Monthly churn of 5% sounds small. At 5% monthly churn, you lose 46% of your customer base every year. To grow from 50 to 100 customers at 5% monthly churn and 8 new customers/month, it takes 20+ months. Reducing churn from 5% to 2% has the same revenue impact as doubling new customer acquisition — often at far lower cost.
Build a customer model: start with current customers, add expected new customers per month, subtract churned customers (monthly churn rate × customer count), multiply remaining by average revenue per customer. This bottom-up approach is far more credible than top-down "capture 1% of the market" projections. Add an AOV growth assumption if you expect to upsell or raise prices.
Y Combinator benchmarks for good startup growth: 5-7% week-over-week in early stage, 15-20% month-over-month during scale. For more established SMEs: 10-30% year-over-year is considered strong growth. Most UK SMEs grow at 5-15% annually. B2B SaaS typically targets 20-40% ARR growth. Always sanity-check growth projections against customer acquisition capacity and market size.
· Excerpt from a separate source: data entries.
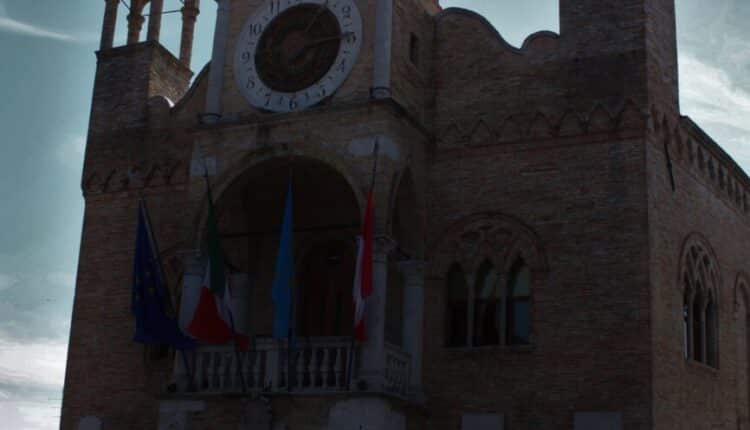 Pordenone, luci spente sulle facciate dei palazzi pubblici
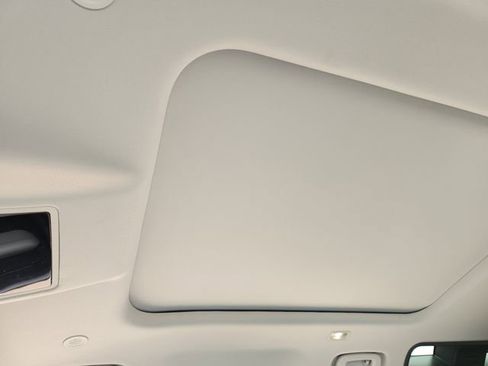 New 2026 Land Rover Defender 110 X-Dynamic SE image 18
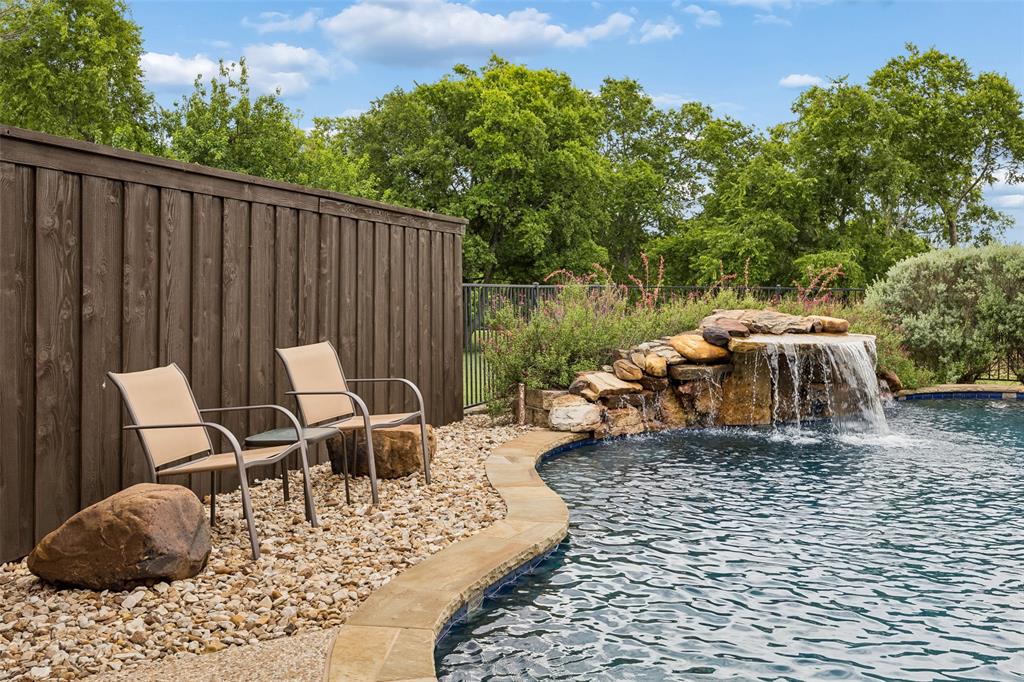 Oakridge on the Creek - Residential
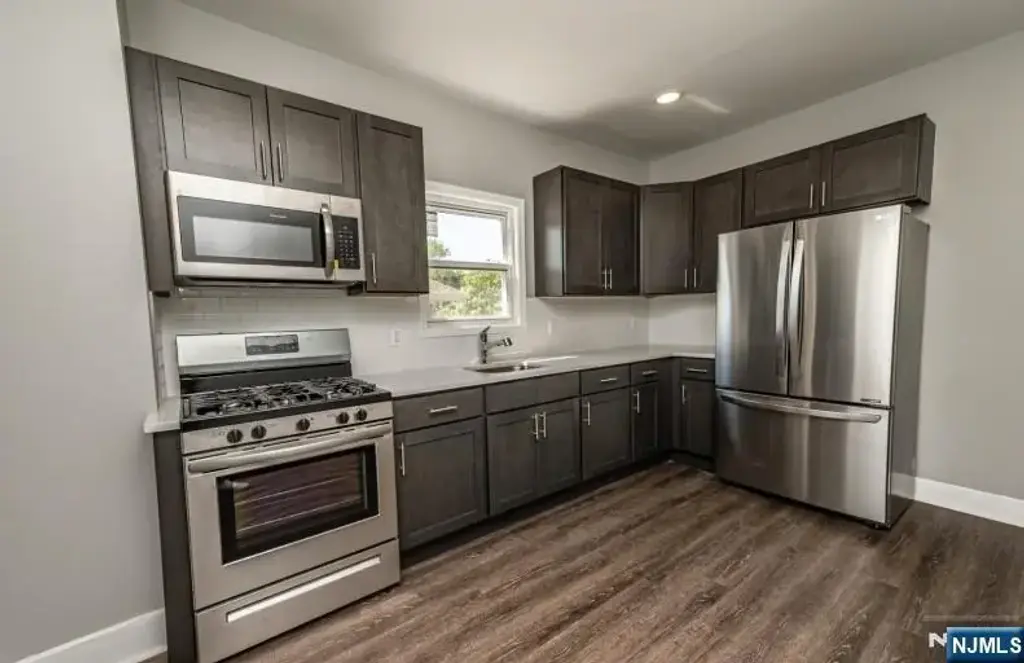 1099-1101 Ringwood Avenue, Wanaque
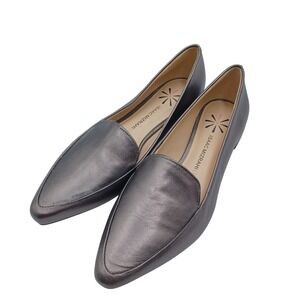 Isaac Mizrahi Calla Loafers Womens 5.5M Pewter Good Metallic Leather Pointed Toe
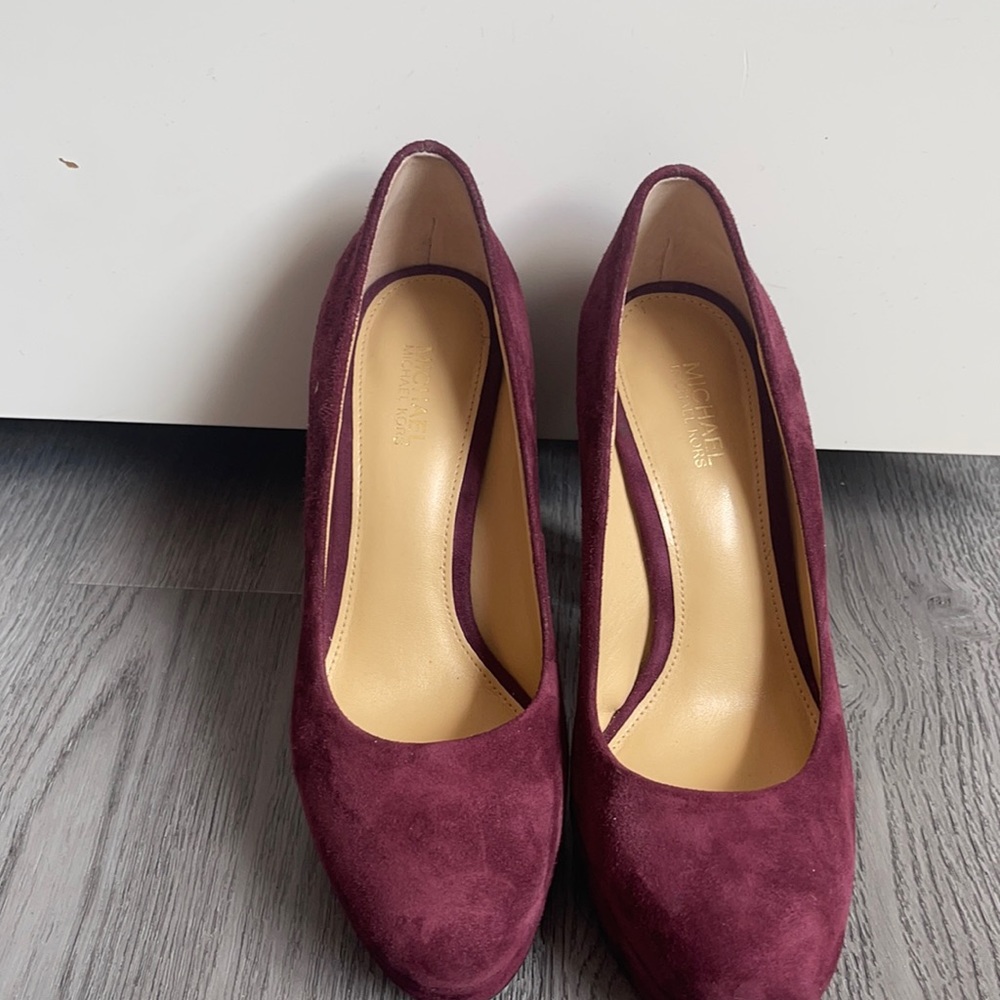 Practically New They Dont Fit Me Though - image 2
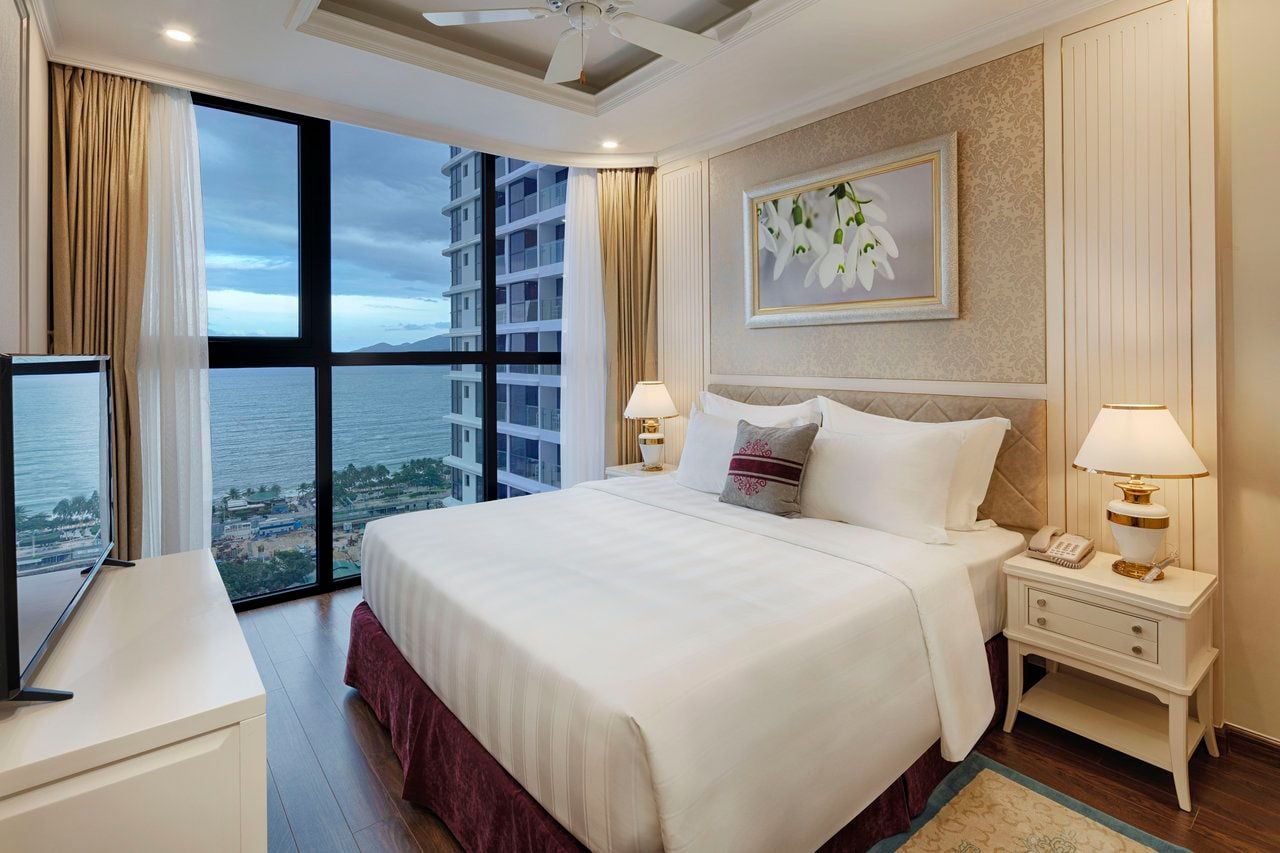 Melia Vinpearl Empire Nha Trang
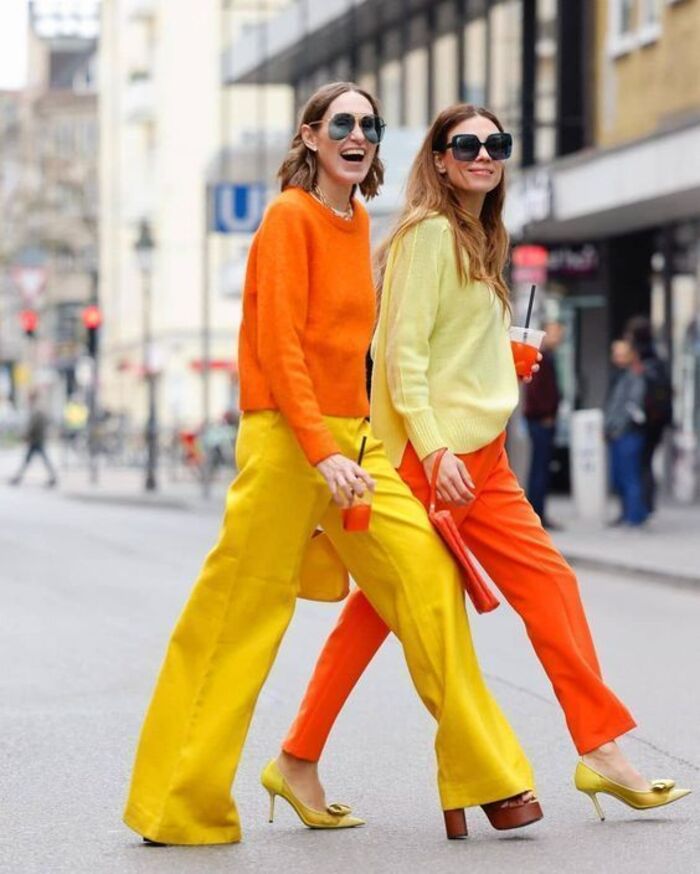 Estilo pantalones de colores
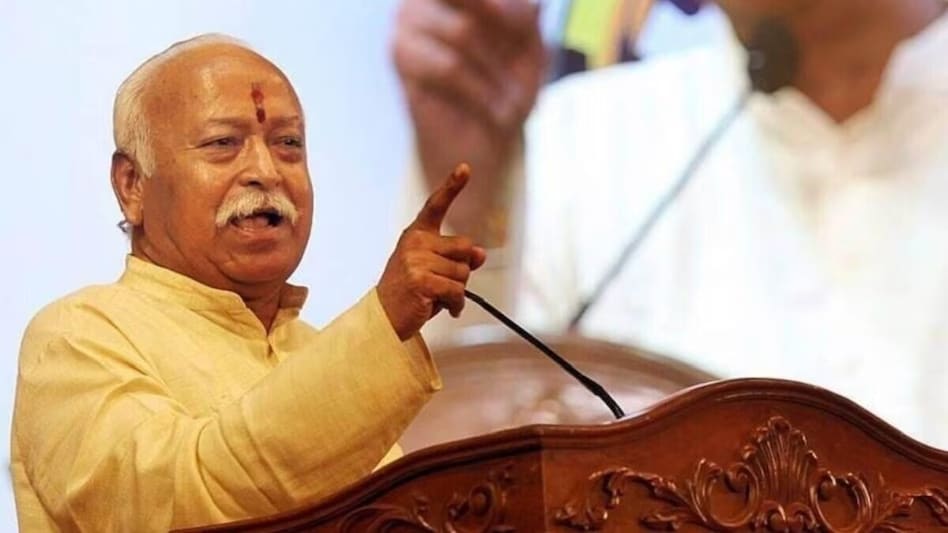 मोहन भागवत का बड़ा बयान: “दुनिया के युद्ध भारत रोक सकता है, शांति का रास्ता एकता में” मोहन भागवत का बड़ा बयान: “दुनिया के युद्ध भारत रोक सकता है, शांति का रास्ता एकता में”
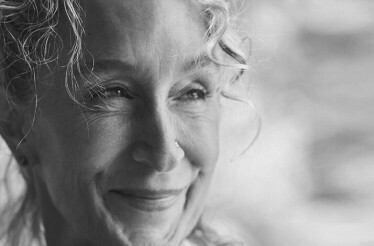Promotional black and white headshot of yogi and author Zeyneb Uras.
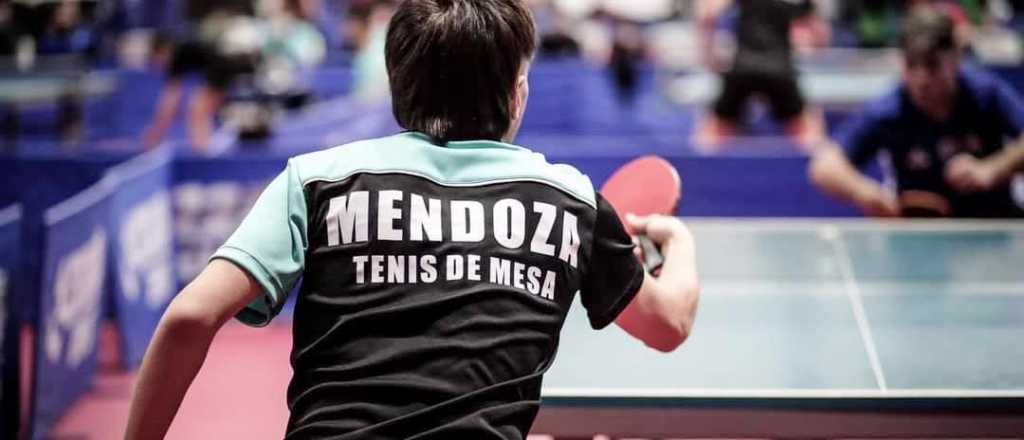 Mendoza la "rompió" en el Nacional de tenis de mesa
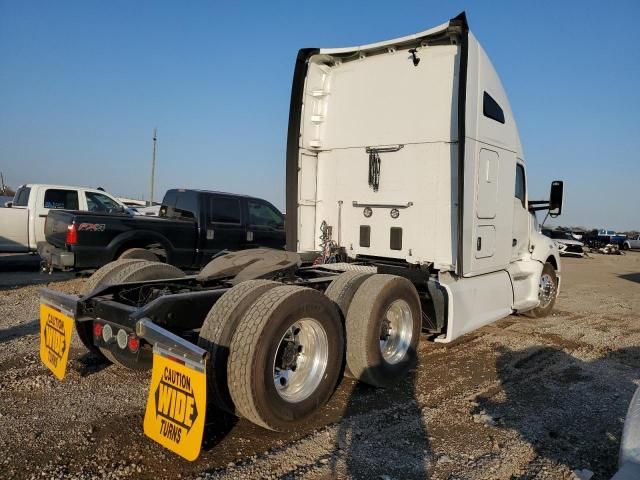 2019 Kenworth T680 Semi Truck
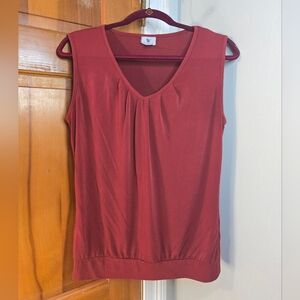 Worthington Sleeveless V-Neck Tank Top in Burgundy Sz M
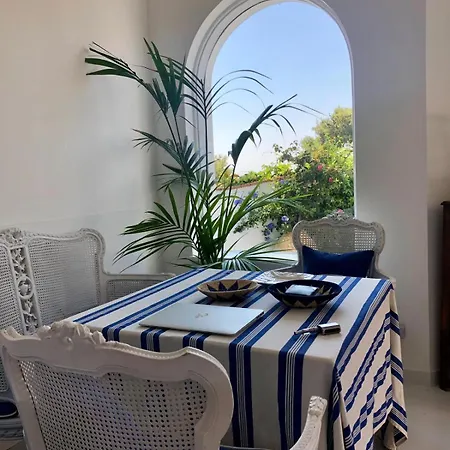 Azzurra Capri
MRR (Monthly Recurring Revenue) is the predictable monthly revenue from all active subscriptions or retainer contracts. ARR (Annual Recurring Revenue) = MRR × 12. These are the key metrics for subscription businesses because they represent predictable, committed revenue as opposed to one-time sales. Investors value SaaS/subscription businesses primarily on ARR and ARR growth rate.